We imagine this scenario because, after spending more time than we should’ve with Diablo Immortal, the only reason for the extreme microtransactions present in this game is greed.

The main currency in play in Diablo Immortal is Eternal Orbs. These can be earned in game but drop rates aren’t great. Pricing for Eternal Orbs starts at €0.99 (~R16.26) for 60 of these orbs but you can spend as much as €99.99 (~R1 642.43) for 1500 + 450 Eternal Orbs.

The other currency present is Platinum. This is used to buy items from the player market and purchase Echo Crystals. There are also currencies you can earn in-game for in-game things such as weapon upgrades but we’re looking at the microtransactions here.

Eternal Orbs are the real pain point though. This is because, in order to upgrade your gear in the end-game, you need to use Eternal Orbs to purchase Legendary Crests. These crests open Rifts which can reward a player with a legendary gem they can use to upgrade their gear. Free to play players are limited to three Legendary Crests each month but this could change. Even if things change, Blizzard is clear here, if you want more progression, open your wallet.

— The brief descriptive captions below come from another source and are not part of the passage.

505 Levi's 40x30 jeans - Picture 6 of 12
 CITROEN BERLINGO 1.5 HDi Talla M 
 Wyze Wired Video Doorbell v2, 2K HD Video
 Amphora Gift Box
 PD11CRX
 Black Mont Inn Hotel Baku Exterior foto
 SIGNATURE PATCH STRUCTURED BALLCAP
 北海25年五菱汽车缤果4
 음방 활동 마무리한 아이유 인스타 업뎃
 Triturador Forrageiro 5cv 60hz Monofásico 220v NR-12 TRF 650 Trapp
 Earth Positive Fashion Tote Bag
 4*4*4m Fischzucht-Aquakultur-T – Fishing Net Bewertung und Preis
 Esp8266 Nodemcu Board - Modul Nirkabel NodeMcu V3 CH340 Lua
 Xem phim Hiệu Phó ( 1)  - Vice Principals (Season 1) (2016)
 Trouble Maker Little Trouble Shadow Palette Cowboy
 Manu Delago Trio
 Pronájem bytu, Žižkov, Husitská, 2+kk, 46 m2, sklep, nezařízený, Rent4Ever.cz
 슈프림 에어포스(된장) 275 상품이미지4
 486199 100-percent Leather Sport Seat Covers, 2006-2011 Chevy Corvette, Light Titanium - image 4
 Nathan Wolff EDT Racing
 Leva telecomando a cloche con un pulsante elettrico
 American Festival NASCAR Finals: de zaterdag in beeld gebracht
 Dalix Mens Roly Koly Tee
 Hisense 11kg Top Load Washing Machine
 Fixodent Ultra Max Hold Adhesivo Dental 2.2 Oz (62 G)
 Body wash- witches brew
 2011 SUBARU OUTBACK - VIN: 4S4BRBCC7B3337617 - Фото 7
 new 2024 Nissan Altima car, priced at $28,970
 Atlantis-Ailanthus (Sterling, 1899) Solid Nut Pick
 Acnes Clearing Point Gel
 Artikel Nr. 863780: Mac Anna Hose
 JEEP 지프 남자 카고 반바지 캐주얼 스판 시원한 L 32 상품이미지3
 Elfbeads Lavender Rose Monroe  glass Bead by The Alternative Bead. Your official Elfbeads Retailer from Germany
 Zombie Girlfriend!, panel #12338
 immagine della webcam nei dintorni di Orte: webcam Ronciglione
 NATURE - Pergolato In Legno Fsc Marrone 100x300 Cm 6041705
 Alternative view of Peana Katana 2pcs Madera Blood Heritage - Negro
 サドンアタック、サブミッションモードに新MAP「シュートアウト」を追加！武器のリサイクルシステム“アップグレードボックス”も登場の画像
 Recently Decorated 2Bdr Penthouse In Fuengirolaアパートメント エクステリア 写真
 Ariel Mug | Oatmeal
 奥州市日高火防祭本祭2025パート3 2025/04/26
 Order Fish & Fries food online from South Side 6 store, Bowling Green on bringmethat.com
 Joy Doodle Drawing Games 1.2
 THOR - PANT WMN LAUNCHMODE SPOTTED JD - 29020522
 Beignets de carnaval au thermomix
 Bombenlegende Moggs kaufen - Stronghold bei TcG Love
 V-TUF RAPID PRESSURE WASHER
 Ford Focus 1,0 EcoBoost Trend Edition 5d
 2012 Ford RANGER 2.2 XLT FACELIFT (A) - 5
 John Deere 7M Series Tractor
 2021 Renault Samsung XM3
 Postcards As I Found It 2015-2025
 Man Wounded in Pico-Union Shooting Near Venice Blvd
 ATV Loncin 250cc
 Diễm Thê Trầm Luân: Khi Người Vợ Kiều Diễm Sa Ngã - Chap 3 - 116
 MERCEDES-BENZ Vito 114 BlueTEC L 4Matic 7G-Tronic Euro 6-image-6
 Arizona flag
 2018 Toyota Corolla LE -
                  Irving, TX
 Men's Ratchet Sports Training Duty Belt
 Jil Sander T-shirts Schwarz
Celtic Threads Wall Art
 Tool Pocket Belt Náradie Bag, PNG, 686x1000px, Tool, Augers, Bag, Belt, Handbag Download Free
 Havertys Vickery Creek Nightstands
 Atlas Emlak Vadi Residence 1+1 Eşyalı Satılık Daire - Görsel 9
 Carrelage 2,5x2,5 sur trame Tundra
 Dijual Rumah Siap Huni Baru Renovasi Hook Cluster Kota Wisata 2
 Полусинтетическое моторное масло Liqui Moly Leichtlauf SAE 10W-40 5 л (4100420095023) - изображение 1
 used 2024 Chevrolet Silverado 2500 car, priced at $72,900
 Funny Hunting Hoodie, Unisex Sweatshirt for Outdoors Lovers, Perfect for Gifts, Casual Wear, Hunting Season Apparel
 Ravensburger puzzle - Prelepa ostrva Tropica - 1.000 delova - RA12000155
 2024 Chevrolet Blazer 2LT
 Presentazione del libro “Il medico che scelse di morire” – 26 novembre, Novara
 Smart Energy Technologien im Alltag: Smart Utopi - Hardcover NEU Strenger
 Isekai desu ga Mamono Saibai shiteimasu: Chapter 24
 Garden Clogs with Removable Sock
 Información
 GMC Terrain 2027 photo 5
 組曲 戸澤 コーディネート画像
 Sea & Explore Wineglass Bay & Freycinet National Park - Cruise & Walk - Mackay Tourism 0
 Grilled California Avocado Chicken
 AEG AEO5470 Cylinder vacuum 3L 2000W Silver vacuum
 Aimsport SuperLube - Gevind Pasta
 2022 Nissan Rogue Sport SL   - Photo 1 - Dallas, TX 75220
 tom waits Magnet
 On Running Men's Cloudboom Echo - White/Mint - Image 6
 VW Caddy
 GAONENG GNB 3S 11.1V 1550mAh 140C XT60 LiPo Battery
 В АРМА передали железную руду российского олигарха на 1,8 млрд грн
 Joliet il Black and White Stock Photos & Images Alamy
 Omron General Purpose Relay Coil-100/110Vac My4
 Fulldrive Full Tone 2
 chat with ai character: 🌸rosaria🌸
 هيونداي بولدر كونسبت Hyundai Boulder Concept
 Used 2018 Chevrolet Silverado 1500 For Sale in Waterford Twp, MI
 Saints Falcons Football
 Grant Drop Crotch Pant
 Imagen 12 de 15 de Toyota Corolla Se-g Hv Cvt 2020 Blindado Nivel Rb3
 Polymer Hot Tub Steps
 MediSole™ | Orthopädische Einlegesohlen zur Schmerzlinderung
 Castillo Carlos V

The problem is so bad that players could spend tens of thousands of dollars just to max out their characters in Diablo Immortal. We highly recommend the podcast from Bellular News which takes a deep dive into the game’s monetisation.

The trouble is that nothing is guaranteed and these Rifts are sort of like loot boxes in that you could get trash or something you really need.

As you might imagine, players are not pleased with the situation and it doesn’t help that Blizzard has stuck its foot in the mud.

Since the announcement of Diablo Immortal, players have been curious to know whether they will be able to make purchases that will make them more powerful. In response, Blizzard said that players wouldn’t be able to purchase gear.

In hindsight, we all should have pressed a bit harder in that regard. We say this because while you can’t purchase gear, you can purchase the upgrade materials needed to improve the gear you pick up. Technically, Blizzard is in the clear but principal game designer at Blizzard, Wyatt Cheng, made a silly post that has come back to haunt him.

In response to the tweet above, Cheng said that he thought he’d made it clear that money can advance gems and legendary gems but clearly he hadn’t.

“Not being able to buy gear (the 12 slots) or XP remains important to the team,” wrote Cheng.

Okay Blizzard, but here’s the problem. Not being able to buy gear doesn’t mean anything if the upgrade materials for that gear can be purchased. How this company doesn’t understand why being able to pay for power, any power, is bad is beyond us at this point.

What makes this all the more worse is that behind all of this greed, there is a fun Diablo game here. The graphics are great on PC, load times are nearly instant and there is a compelling story here.

The game does do a decent job of hiding its greed in the opening moments but it becomes apparent very quickly that Diablo Immortal is designed for one thing and one thing only – To make Bobby Kotick richer than he already is.